5. Sentimentos que não morrem

6K 508 222
                                    

— O que você está sugerindo? Que a gente se afaste, corte qualquer contato? — A loira perguntou, claramente abalada, enquanto seus olhos continuavam a encarar a aliança presente em seu dedo.

— Bom, não é como se nós fôssemos próximas uma da outra, não é? De qualquer forma, eu gosto de esclarecer os assuntos antes encerrá-los. — Simone descansou sua mão direita sobre a mão esquerda de Soraya, que voltou seu olhar para a ex-professora, e atual... Amante?

Se bem que, da forma que a mais velha falou, deu-se a entender que ela gostaria de encerrar o caso que mal havia começado. Isso deveria ter trazido alívio para a mais jovem, mas, o que ocorreu de fato, foi que ela se magoou.

— Encerrar um assunto... Eu sou um assunto que você quer encerrar... Tá certo. — Soraya sorriu como se estivesse debochando de si mesma, mas não afastou sua mão do toque de Simone. — Não sei o que deu em mim pra imaginar que essa baboseira pudesse significar alguma coisa.

— Soraya... — A morena chamou calmamente, enquanto acariciava a mão da loira, que já estava novamente olhando para outra direção qualquer. — A única coisa que eu gostaria de encerrar, é a nossa distância nesse momento. Acontece que entendo a gravidade disso, sei que não seria prudente. Mas, por favor, não pense que foi um simples caso de uma noite pra mim, porque durante muitas delas era em você que eu pensava.

Simone Tebet não tem o costume de agir por impulso, e não foi diferente dessa vez. Ela falou exatamente o que queria, o que sentia que precisava falar. Já que ela havia se aberto, literalmente, durante a noite, por que não abrir seu coração de forma figurativa agora?

Quem acabou por não saber o que falar, foi Soraya, que ficou boquiaberta encarando sua antiga professora. Logo sua expressão incrédula se desfez num sorriso sem graça, que ela tentou conter sem muito sucesso. A loira usou a mão livre para colocar uma mecha de cabelo atrás da orelha, e sua expressão voltou a ficar séria.

Soraya Thronicke é o tipo de pessoa que, às vezes, vai do riso às lágrimas rapidamente.

— Não pode ser, meu Deus. Isso não está certo. — A mais jovem se levantou, fechou os olhos e levou as mãos espalmadas sobre o rosto.

A situação deixou Simone sem saber o que fazer; ela não sabia se ia embora ou se tentava acalmar a senadora. Apesar de tentar afastar o nervosismo que sentia, o contexto atual também não era nada fácil para ela.

— Soraya, me desculpe. — Simone também se colocou em pé, mas não se aproximou de sua ex-aluna. — Não era minha intenção te deixar assim. Eu vou me retirar, e você pode ficar tranquila, não precisamos complicar ainda mais essa situação.

Toda essa picuinha não poderia acontecer num momento melhor: as eleições presidenciais de dois mil e vinte e dois. Isso deu nos nervos das duas mulheres, porém, Simone era mais controlada e lidava melhor com suas emoções e sentimentos.
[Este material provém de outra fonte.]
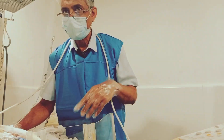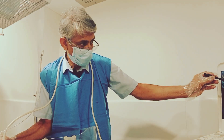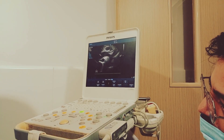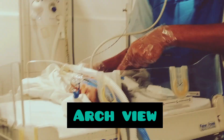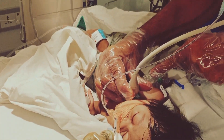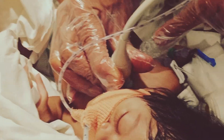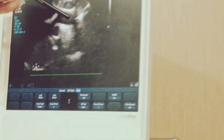Now, to understand where exactly in the airway the tube sits is very important. For that, this is the arch view I have taken. I have kept the footprint probe in the suprasternal space in a sagittal frame, marker facing up. When I do that, I get this shadow — this is the arch view.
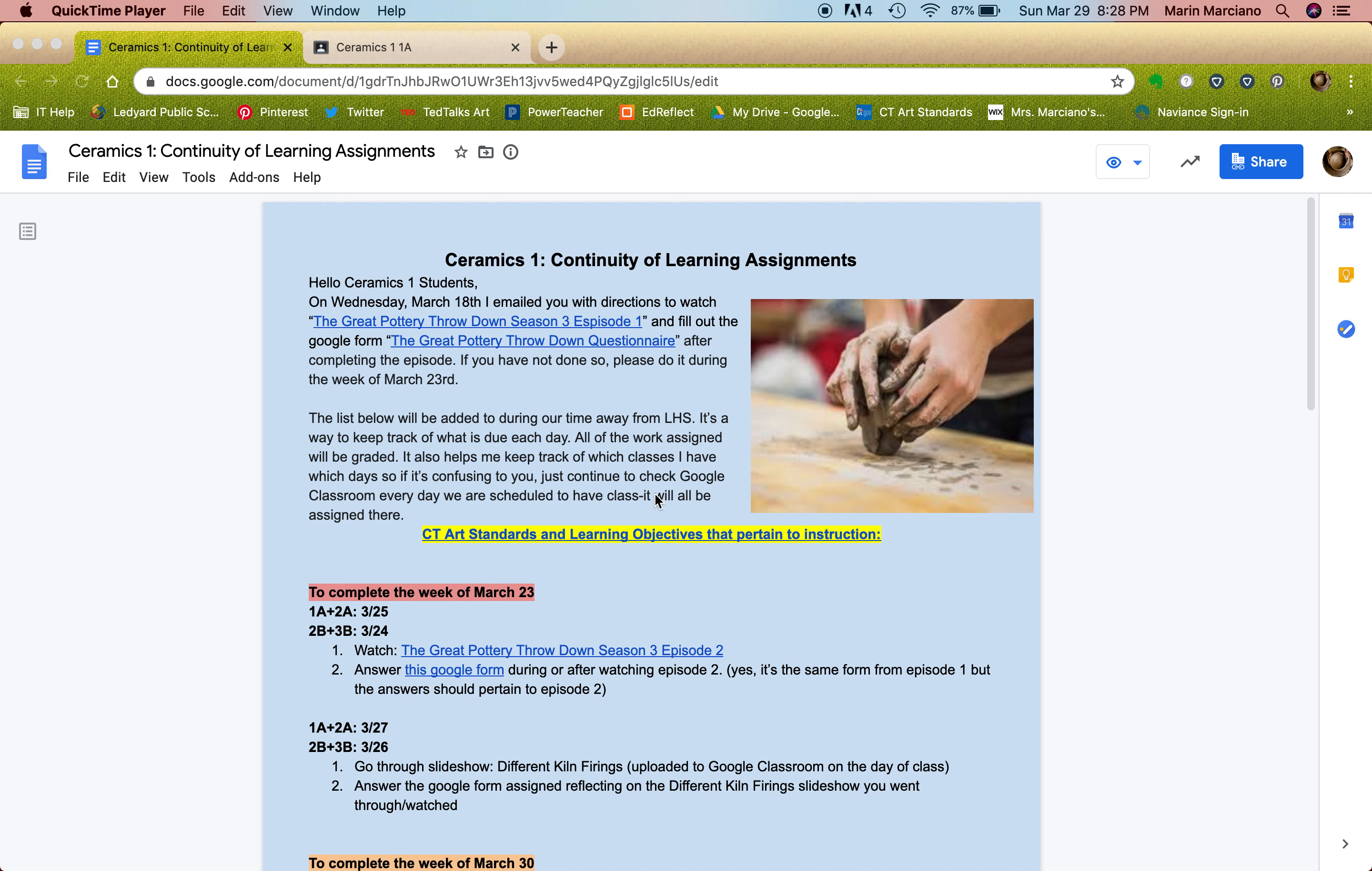Hey ceramic kids, it's Mrs. Marciano. I just wanted to go over the document I've been creating for each of our weeks, just to make sure everyone's on the same page. I apologize I hadn't made this sooner. Still a work in progress over here on my end, as I'm sure it's on yours.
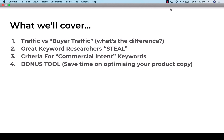So what we're going to cover today: traffic versus buyer traffic. There's a big difference between those two things, and we're going to cover that because it's really important. We're also going to talk about why great keyword researchers steal — or the STEAL framework. There's an old saying about good artists borrow and great artists steal, and it's turned into a framework that's going to help you step by step find the right keywords to add to your product pages.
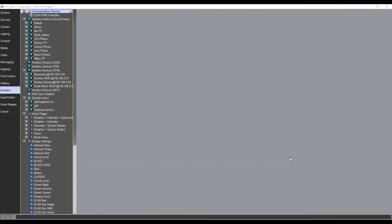In this video we're going to go over the interface tab in the Elan configurator. Elan can do something truly unique as far as how we customize the end-user experience, what they have access to control, and we can change that per interface as well as per user.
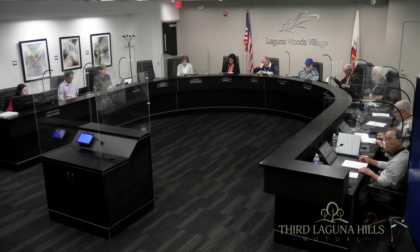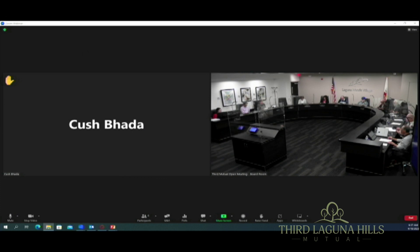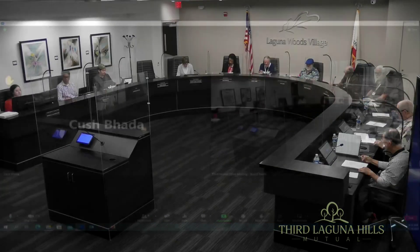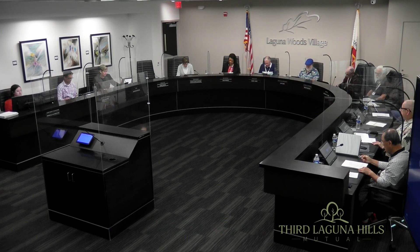Moving on to agenda item six. Director Bada on Zoom has a comment. Good morning — sorry I was not able to join in person. I would like to mention that we have lost one of our past board members, John Frankel, and our sincere condolences to the family. We truly appreciate all the time and effort he put in while he was here. I will be intermittently in and out of the meeting, so please excuse me for that. Thanks, Kush — thanks for bringing that up.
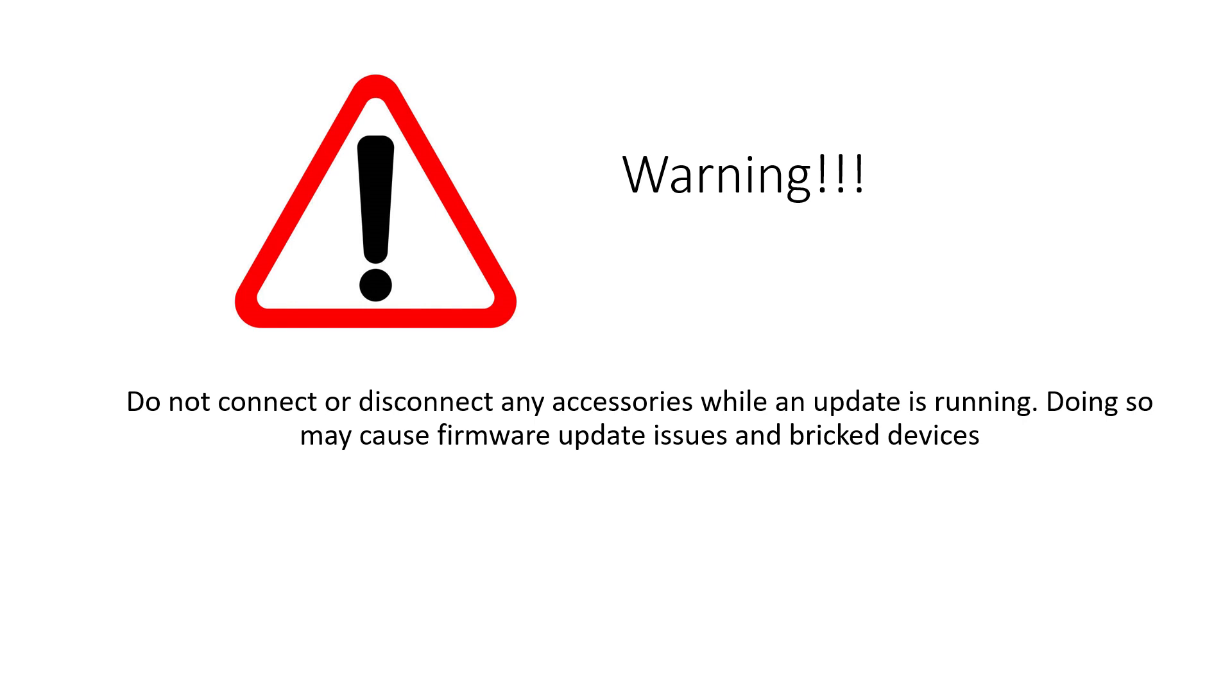Do not connect or disconnect any accessories while an update is running. All these accessories share a single internal RS-485 bus, so connecting or disconnecting any accessories while another update is ongoing can cause firmware failure.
Antes que Tebet chegasse até a porta, ela sentiu um aperto em seu braço. Uma expressão de surpresa surgiu em seu rosto, antes que a mesma voltasse seu corpo em direção a mais nova, que a segurou e encarou de forma profunda antes de fechar os olhos e aproximar seus rostos. A loira envolveu o pescoço de Simone com as mãos, e roçou seus lábios lentamente nos da mais velha, que tentou não se derreter com o carinho, e elas ficaram assim por mais de um minuto. A morena manteve suas mãos nas costas de Soraya, acariciando de forma suave. As testas descansaram uma contra a outra enquanto elas se encontravam submersas numa conexão só delas.

Soraya se afastou um pouco para poder observar a mulher a sua frente, e seus olhos a encaravam como se estivesse de frente para uma obra de arte; e de fato era isso mesmo, foi sempre assim que a loira enxergou sua antiga professora, que continuava com os olhos fechados e estremeceu quando sentiu a mais jovem acariciar seu rosto.

O polegar de Thronicke contornou os lábios de Simone delicadamente, e a loira ameaçou avançar para cima deles, mas em vez disso, pensou melhor, e começou a espalhar beijinhos pelo rosto da mulher, que a segurou mais perto. Tebet abriu seus olhos e usou suas mãos para segurar o rosto da mais jovem, que cessou os selinhos para encarar o olhar da mulher que sempre mexeu com seus sentidos; porém nunca de forma tão perigosa quanto atualmente.

— Se você for embora agora, eu sei que os meus sentimentos vão adormecer aqui dentro de novo. — Soraya suspirou, fechando os olhos por alguns segundos até voltar a encarar a outra mulher. — Mas o problema é que eles nunca morrem.

Simone ficou em silêncio, seu coração acelerou, e o cérebro trabalhava em busca de uma solução. Enquanto isso, ela juntou seus corpos num abraço, tentando não estremecer quando a loira enterrou o rosto em seu pescoço. A mais jovem queria aproveitar o momento para sentir o calor da pele, o perfume, o toque de sua antiga professora, que também não deixava de ser sua paixão de longa data.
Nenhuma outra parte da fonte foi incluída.